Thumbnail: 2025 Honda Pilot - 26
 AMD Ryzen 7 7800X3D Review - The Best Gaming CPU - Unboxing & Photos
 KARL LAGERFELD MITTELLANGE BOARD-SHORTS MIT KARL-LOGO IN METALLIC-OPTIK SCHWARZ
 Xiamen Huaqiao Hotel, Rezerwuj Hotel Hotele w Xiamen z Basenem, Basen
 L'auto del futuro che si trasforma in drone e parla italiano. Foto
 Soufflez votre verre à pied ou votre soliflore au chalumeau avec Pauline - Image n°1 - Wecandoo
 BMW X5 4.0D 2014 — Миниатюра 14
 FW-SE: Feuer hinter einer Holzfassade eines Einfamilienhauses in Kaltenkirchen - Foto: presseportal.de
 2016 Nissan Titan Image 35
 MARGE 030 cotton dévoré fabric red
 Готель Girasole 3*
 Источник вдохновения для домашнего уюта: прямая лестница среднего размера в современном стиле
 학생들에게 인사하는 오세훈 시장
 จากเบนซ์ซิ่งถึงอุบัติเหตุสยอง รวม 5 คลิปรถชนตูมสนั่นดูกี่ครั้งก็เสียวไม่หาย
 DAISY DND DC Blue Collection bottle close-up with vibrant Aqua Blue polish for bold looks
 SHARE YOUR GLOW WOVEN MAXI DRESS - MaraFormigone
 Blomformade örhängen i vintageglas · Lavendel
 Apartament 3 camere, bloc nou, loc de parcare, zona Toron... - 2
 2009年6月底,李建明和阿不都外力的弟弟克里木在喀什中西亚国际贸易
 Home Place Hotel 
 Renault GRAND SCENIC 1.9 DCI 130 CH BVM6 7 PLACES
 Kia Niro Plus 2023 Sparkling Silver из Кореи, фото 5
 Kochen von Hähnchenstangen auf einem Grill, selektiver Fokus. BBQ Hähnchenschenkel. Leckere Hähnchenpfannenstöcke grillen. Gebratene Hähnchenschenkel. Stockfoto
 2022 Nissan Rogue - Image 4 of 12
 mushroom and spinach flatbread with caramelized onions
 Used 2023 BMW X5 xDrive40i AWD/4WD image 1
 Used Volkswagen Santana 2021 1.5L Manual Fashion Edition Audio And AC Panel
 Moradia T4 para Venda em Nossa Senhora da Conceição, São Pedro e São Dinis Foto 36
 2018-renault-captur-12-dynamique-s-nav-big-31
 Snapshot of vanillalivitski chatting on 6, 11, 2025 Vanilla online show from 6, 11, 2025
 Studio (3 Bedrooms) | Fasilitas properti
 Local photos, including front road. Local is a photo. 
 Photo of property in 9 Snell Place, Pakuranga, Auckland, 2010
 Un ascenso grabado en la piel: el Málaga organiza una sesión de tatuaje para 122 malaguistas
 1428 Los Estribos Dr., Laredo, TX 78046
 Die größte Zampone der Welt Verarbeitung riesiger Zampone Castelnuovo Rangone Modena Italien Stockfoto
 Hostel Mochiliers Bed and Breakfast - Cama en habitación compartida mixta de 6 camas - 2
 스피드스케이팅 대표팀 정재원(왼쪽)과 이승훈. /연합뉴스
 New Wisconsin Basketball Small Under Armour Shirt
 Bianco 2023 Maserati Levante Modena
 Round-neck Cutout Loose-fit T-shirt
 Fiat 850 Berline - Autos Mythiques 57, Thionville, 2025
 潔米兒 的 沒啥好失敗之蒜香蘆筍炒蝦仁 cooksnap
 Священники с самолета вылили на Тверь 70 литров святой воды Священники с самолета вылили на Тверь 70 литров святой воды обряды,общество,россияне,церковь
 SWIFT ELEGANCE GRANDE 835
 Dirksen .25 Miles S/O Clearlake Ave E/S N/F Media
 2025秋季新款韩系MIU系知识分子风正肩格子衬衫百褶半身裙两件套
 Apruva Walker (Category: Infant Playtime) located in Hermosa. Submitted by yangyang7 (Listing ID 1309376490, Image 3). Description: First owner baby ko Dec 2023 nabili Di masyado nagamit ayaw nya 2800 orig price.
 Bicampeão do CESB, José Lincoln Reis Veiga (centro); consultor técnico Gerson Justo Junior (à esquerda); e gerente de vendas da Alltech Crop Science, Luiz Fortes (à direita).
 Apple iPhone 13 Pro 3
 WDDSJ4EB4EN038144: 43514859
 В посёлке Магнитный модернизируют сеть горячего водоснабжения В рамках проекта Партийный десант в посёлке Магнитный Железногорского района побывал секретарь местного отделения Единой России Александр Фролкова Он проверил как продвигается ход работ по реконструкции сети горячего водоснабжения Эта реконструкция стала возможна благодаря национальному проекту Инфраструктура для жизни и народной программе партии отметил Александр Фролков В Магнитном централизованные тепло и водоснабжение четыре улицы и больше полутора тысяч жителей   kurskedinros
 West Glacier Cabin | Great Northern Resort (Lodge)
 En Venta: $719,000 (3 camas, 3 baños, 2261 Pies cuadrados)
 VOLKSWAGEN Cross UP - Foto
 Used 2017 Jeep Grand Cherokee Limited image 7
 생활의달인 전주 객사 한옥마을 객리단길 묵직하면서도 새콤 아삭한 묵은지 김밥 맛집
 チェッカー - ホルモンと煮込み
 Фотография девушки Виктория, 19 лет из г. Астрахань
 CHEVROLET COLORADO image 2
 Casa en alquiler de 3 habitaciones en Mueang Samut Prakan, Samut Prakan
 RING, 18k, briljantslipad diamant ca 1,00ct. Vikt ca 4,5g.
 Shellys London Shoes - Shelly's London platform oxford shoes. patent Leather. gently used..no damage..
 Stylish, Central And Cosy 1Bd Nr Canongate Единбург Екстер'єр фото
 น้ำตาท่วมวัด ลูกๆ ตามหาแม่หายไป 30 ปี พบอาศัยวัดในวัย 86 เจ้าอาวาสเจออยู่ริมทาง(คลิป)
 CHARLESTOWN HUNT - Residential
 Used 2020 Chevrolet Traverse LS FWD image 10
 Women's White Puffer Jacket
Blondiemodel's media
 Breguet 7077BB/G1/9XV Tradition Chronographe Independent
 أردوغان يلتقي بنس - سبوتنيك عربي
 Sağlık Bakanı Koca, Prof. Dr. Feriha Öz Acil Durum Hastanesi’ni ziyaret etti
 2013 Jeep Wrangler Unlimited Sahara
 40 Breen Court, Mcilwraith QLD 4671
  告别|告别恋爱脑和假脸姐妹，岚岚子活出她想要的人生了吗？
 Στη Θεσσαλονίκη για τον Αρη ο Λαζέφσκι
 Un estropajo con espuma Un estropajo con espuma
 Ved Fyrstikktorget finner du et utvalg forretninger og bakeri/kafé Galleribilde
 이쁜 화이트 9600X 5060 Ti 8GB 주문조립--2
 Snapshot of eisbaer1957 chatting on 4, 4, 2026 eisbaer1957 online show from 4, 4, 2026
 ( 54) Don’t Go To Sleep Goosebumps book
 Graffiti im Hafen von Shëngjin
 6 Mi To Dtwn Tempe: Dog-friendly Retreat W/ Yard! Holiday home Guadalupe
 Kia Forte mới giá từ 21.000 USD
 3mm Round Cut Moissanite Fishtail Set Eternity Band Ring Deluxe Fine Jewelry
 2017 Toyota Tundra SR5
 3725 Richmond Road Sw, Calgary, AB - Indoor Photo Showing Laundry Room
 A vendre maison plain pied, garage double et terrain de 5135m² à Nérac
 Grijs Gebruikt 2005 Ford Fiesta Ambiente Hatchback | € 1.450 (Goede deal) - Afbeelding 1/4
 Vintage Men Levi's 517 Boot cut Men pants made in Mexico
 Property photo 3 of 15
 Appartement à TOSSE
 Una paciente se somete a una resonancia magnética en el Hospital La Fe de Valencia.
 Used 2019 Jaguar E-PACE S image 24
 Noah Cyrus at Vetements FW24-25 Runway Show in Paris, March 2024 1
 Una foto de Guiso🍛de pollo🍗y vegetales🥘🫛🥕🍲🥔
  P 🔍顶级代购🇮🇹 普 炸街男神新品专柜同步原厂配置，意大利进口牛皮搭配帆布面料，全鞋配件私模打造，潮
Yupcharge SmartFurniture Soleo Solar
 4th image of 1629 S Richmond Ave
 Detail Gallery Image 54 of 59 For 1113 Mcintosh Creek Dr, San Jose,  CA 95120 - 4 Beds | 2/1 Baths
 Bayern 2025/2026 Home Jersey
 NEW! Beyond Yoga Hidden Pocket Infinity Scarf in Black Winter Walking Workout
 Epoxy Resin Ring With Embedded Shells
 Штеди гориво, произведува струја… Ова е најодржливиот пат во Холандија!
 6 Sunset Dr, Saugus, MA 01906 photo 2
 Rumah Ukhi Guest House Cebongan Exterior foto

__Your objective__:
Type out again, exactly as written, the lines from the beginning of the material through the one containing "Kia Niro Plus".

__Answer box__:
Thumbnail: 2025 Honda Pilot - 26
 AMD Ryzen 7 7800X3D Review - The Best Gaming CPU - Unboxing & Photos
 KARL LAGERFELD MITTELLANGE BOARD-SHORTS MIT KARL-LOGO IN METALLIC-OPTIK SCHWARZ
 Xiamen Huaqiao Hotel, Rezerwuj Hotel Hotele w Xiamen z Basenem, Basen
 L'auto del futuro che si trasforma in drone e parla italiano. Foto
 Soufflez votre verre à pied ou votre soliflore au chalumeau avec Pauline - Image n°1 - Wecandoo
 BMW X5 4.0D 2014 — Миниатюра 14
 FW-SE: Feuer hinter einer Holzfassade eines Einfamilienhauses in Kaltenkirchen - Foto: presseportal.de
 2016 Nissan Titan Image 35
 MARGE 030 cotton dévoré fabric red
 Готель Girasole 3*
 Источник вдохновения для домашнего уюта: прямая лестница среднего размера в современном стиле
 학생들에게 인사하는 오세훈 시장
 จากเบนซ์ซิ่งถึงอุบัติเหตุสยอง รวม 5 คลิปรถชนตูมสนั่นดูกี่ครั้งก็เสียวไม่หาย
 DAISY DND DC Blue Collection bottle close-up with vibrant Aqua Blue polish for bold looks
 SHARE YOUR GLOW WOVEN MAXI DRESS - MaraFormigone
 Blomformade örhängen i vintageglas · Lavendel
 Apartament 3 camere, bloc nou, loc de parcare, zona Toron... - 2
 2009年6月底,李建明和阿不都外力的弟弟克里木在喀什中西亚国际贸易
 Home Place Hotel 
 Renault GRAND SCENIC 1.9 DCI 130 CH BVM6 7 PLACES
 Kia Niro Plus 2023 Sparkling Silver из Кореи, фото 5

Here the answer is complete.